Task instructions:
An exact, picture-free copy of the listing is required.

Dataset extract:
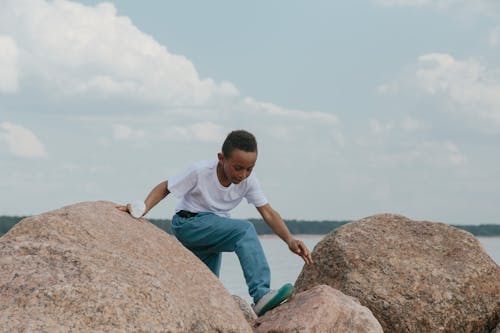 A Young Boy in White T-shirt and Blue Denim Jeans Climbing on Rocks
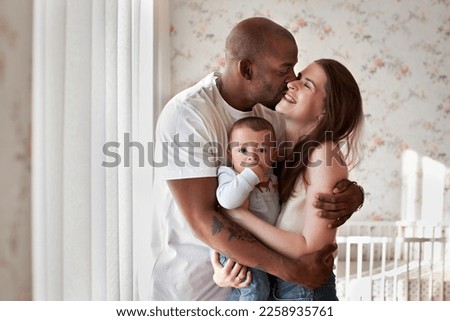 Happy multiethnic family hugging at home. Mother and father kiss while holding child in arms, who looks camera Royalty-Free Stock Photo #2258935761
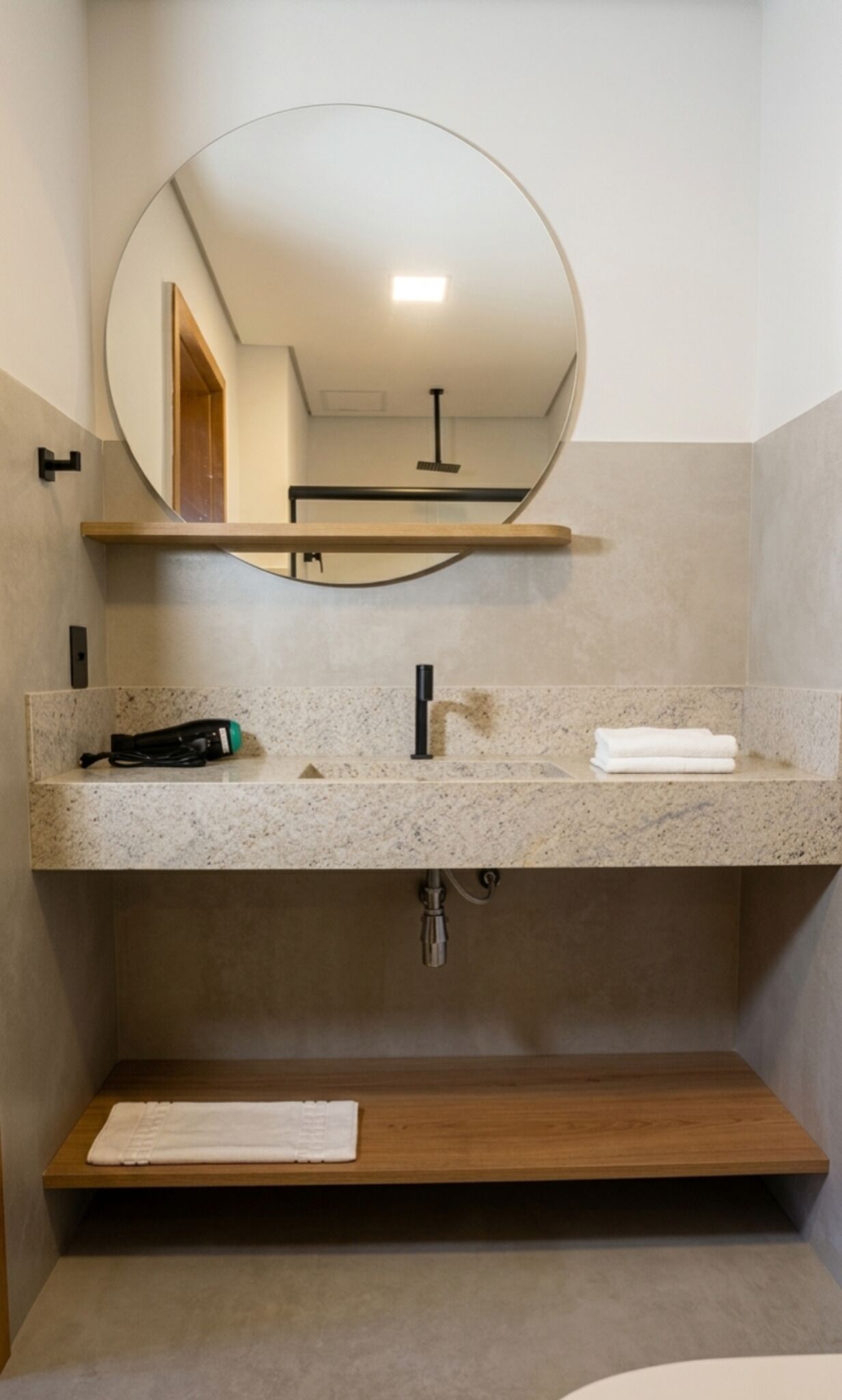 Un baño con un espejo redondo, un lavamanos con grifo, un perchero y una estantería.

Completed exercise:
 A Young Boy in White T-shirt and Blue Denim Jeans Climbing on Rocks
 Happy multiethnic family hugging at home. Mother and father kiss while holding child in arms, who looks camera Royalty-Free Stock Photo #2258935761
 Un baño con un espejo redondo, un lavamanos con grifo, un perchero y una estantería.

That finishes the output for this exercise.